=== Dataset records ===
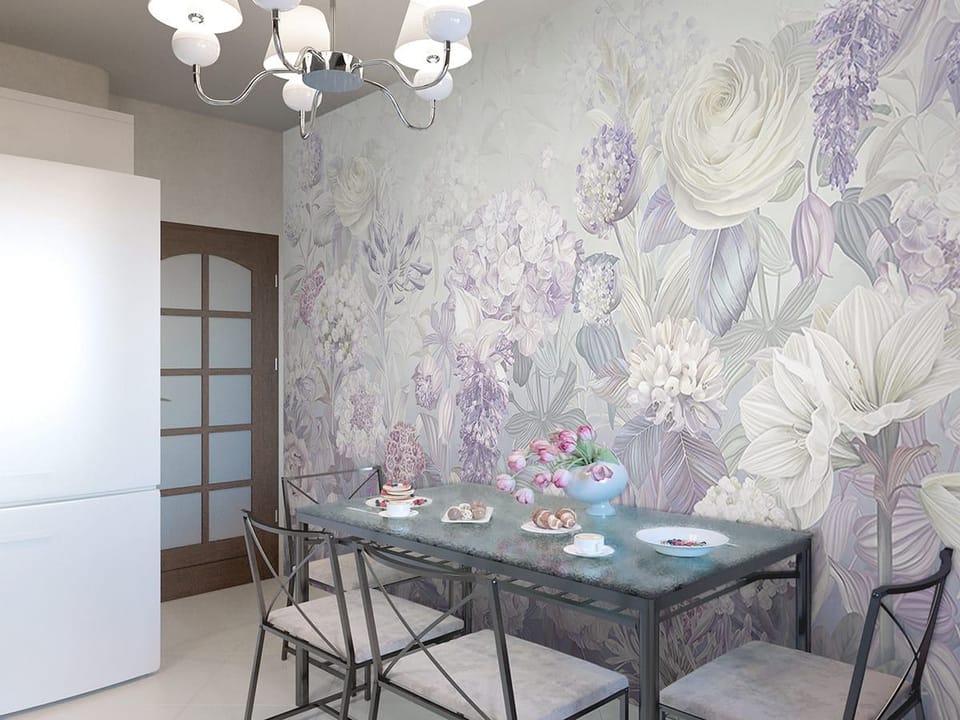 Fototapeta Delikatne Kwiaty w Pastelach we wnętrzu kuchni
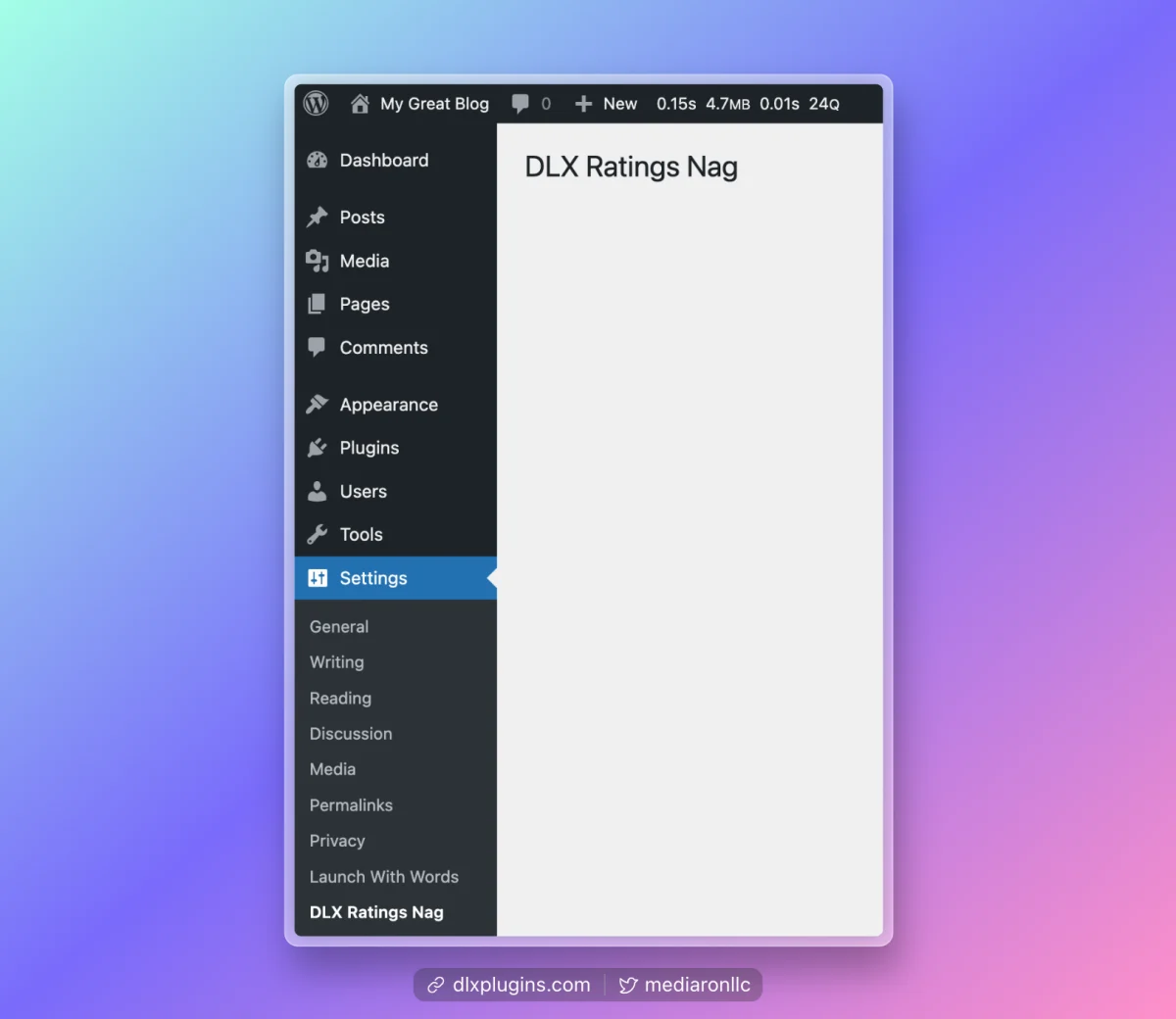 Admin Panel Settings for Ratings Plugin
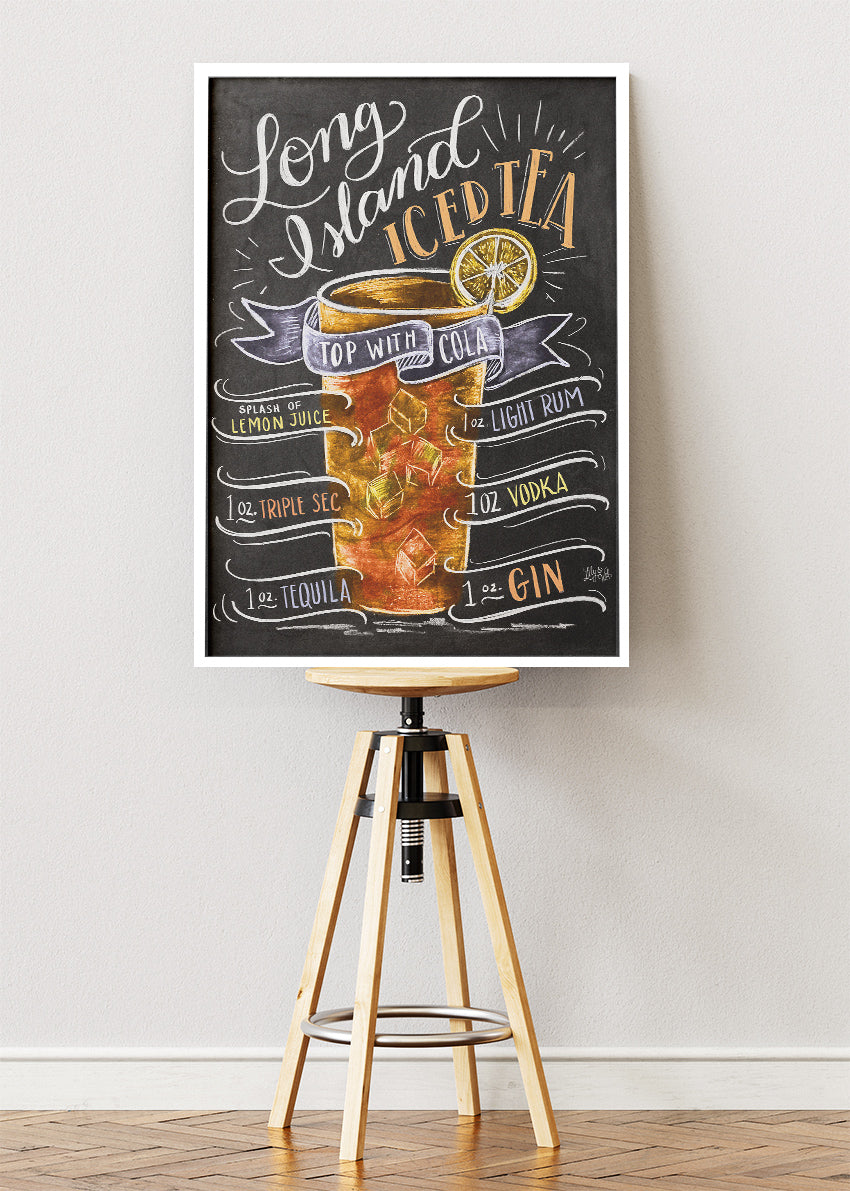 Long Island Iced Tea Chalkboard Cocktail Poster & Canvas Print | Vintage Bar Wall Art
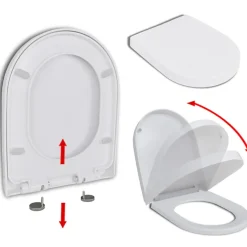 Vidaxl Abattant WC à fermeture en douceur Libération rapide Carré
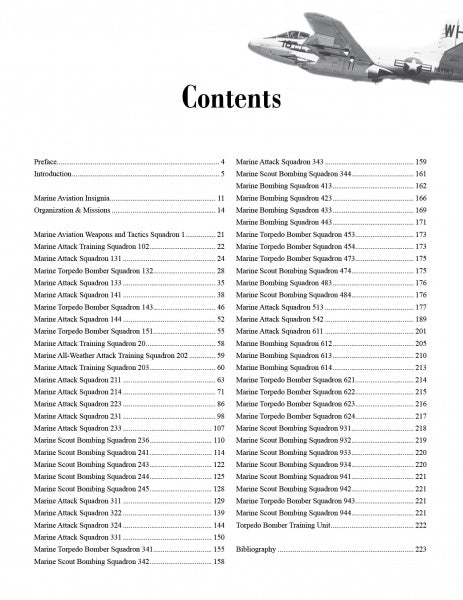 Table of contents for United States Navy and Marine Corps Aviation Squadron Lineage, Insignia, and History by Schiffer Publishing, Ltd., with a grayscale military aircraft image above chapters on Marine squadrons and aviation history; page numbers right-aligned.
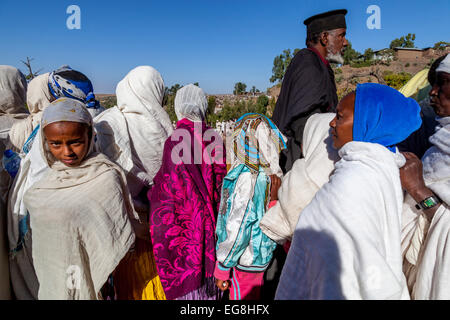Christian Pilger In Lalibela zur Weihnachtszeit, Äthiopien Stockfoto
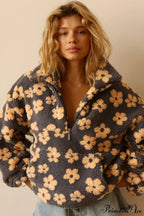 Faux Sherpa Printed Loose Zip Sweatshirt image 2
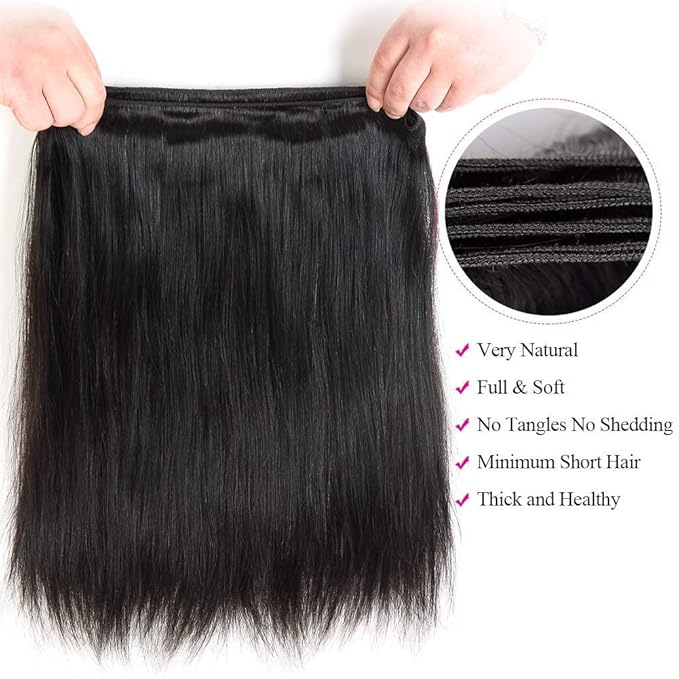 Straight Bundles Human Hair Brazilian Virgin Human Hair 3 Bundles 22 24 26 Inch 100% Unprocessed Straight Human Hair Bundles Natural Black Bundles Weave Hair Extensions For Black Women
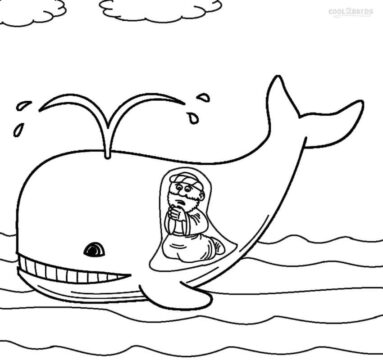 Dibujo de Jonás en el Vientre de una Ballena para Colorear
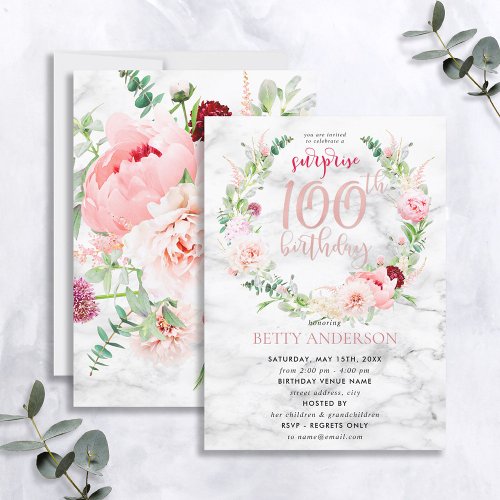 Pink Peony Wreath Rose Gold Marble Surprise 100th Invitation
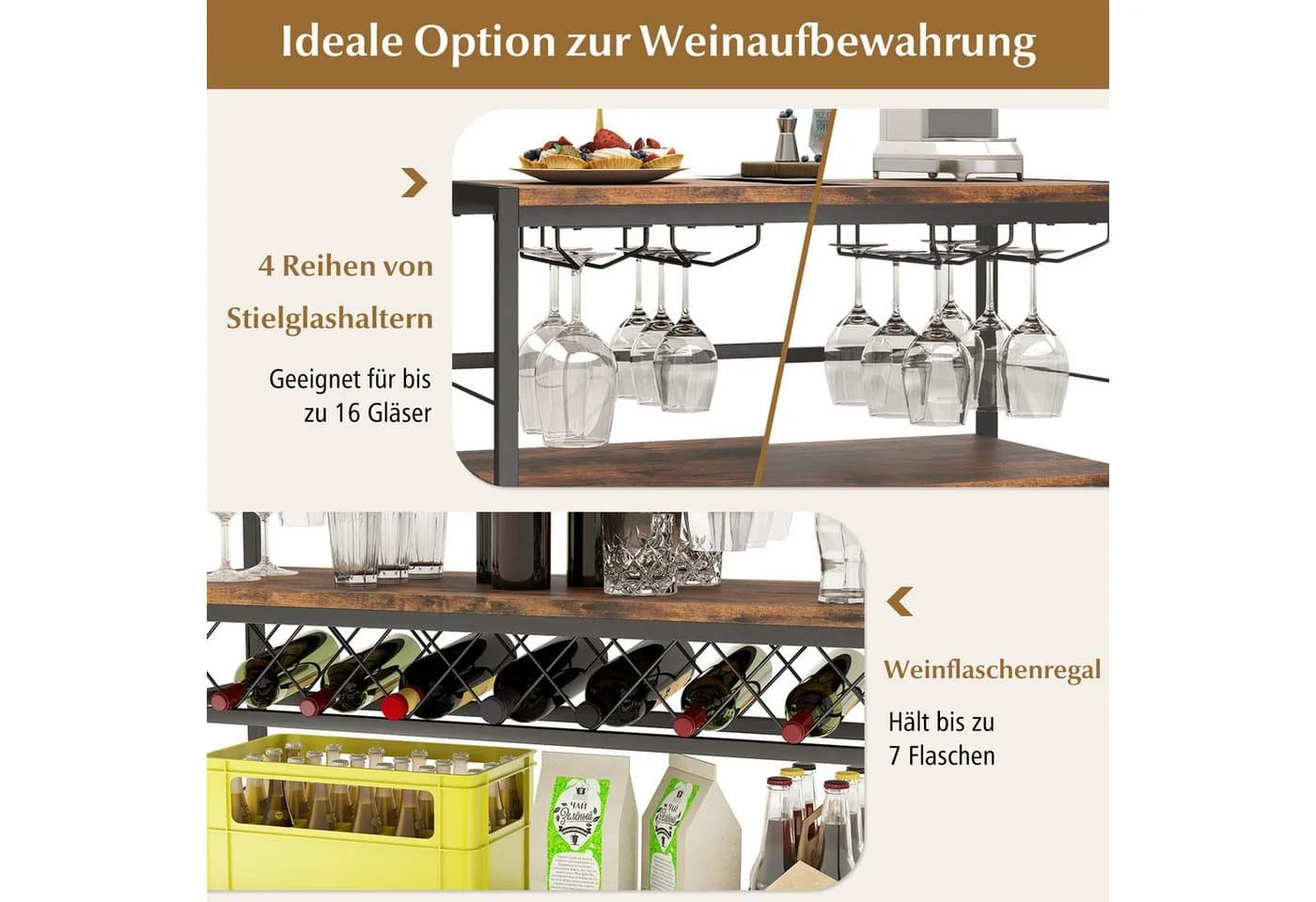 COSTWAY Weinschrank Rustikales Braun mit 4 Reihen Glashalter & Weinregal - Bild 4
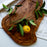Live Edge Olive Wood Handmade Cutting Board With Juice Grooves & Handle (Large)
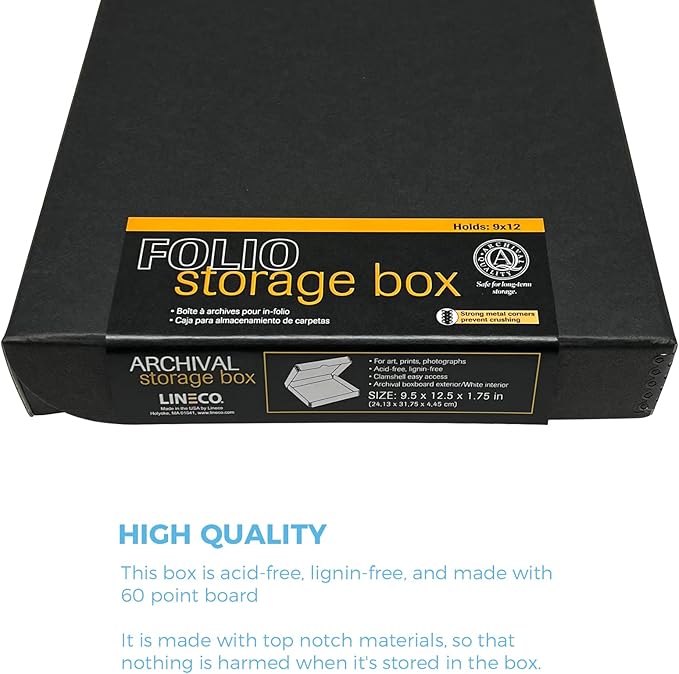 Lineco Archival Folio Storage Box. Metal Edge Archival Boxboard, Clamshell Lid. - Image 5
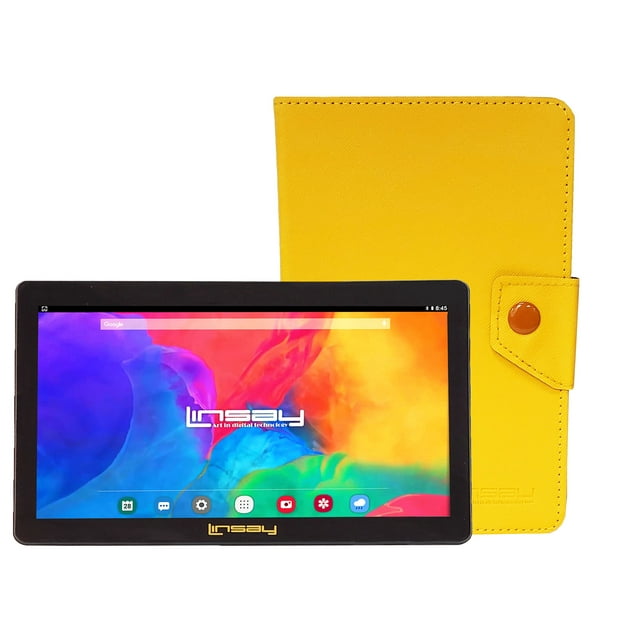 LINSAY 7" Quad Core 2GB RAM 32GB Storage Android 12 WiFi Tablet with case Yellow Leather Case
===
Work instruction: Pictures stay out; reproduce exactly the lines from the one containing "COSTWAY Weinschrank Rustikales" through the end of the data.

Output for this task:
 COSTWAY Weinschrank Rustikales Braun mit 4 Reihen Glashalter & Weinregal - Bild 4
Live Edge Olive Wood Handmade Cutting Board With Juice Grooves & Handle (Large)
 Lineco Archival Folio Storage Box. Metal Edge Archival Boxboard, Clamshell Lid. - Image 5
 LINSAY 7" Quad Core 2GB RAM 32GB Storage Android 12 WiFi Tablet with case Yellow Leather Case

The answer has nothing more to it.